[Information shown]
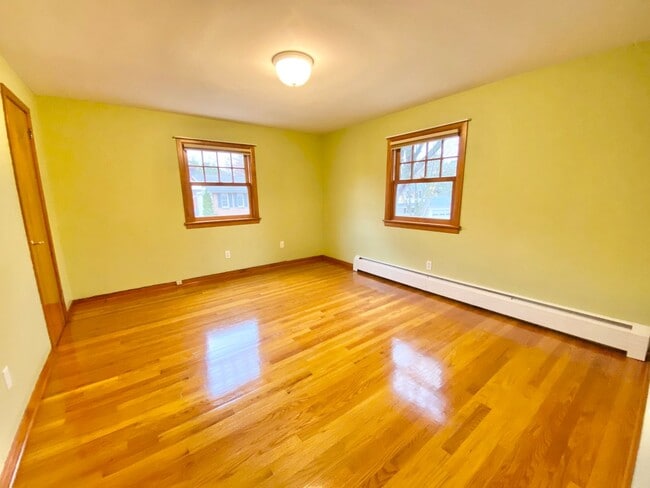 Building Photo - 4 Bedroom Home in Burlington VT Available NOW!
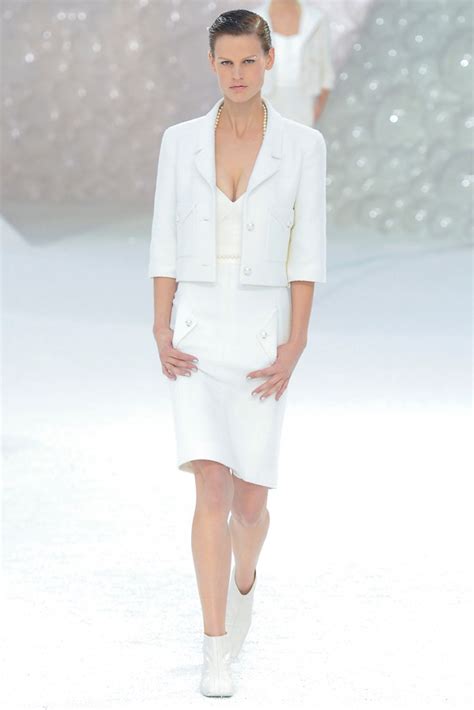 chanel spring 2012 wallet|chanel dresses 2012.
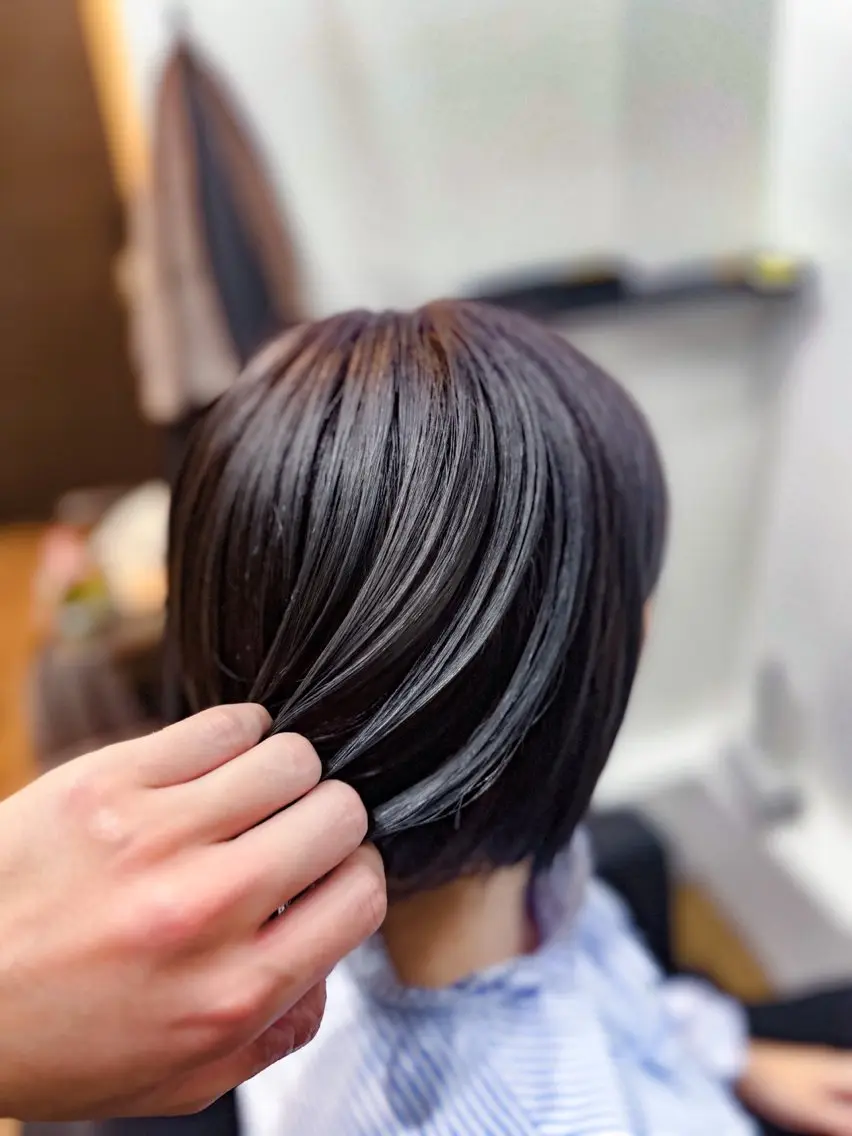 ショート カラー バレイヤージュ レイヤーカット 椎葉 祐也のヘアスタイル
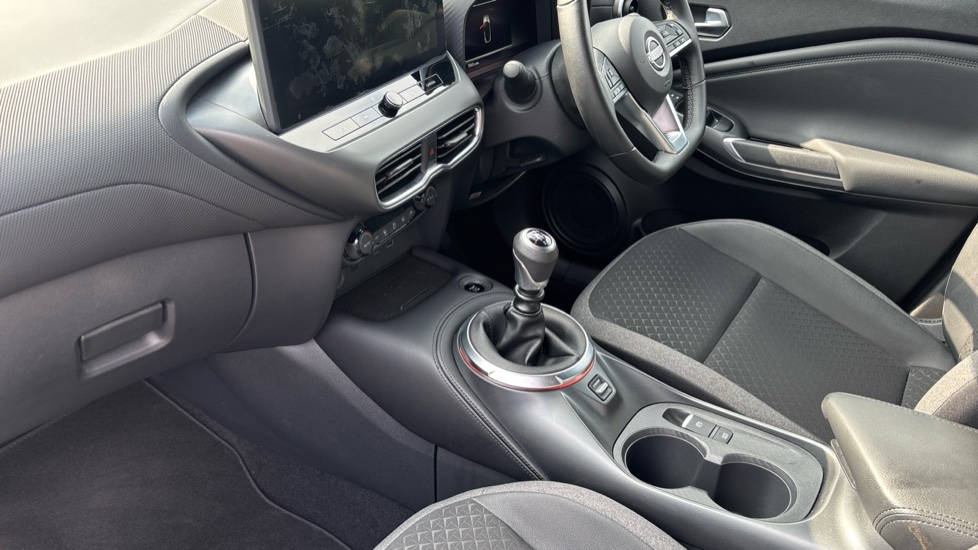 Nissan Juke 1.0 DiG-T N-Connecta 5dr Petrol Hatchback - Image 13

[Try it]
Exactly the lines from the one with "ショート カラー バレイヤージュ レイヤーカット 椎葉 祐也のヘアスタイル" through the end of the listing above are to be repeated, with no pictures.

[Task answer]
 ショート カラー バレイヤージュ レイヤーカット 椎葉 祐也のヘアスタイル
 Nissan Juke 1.0 DiG-T N-Connecta 5dr Petrol Hatchback - Image 13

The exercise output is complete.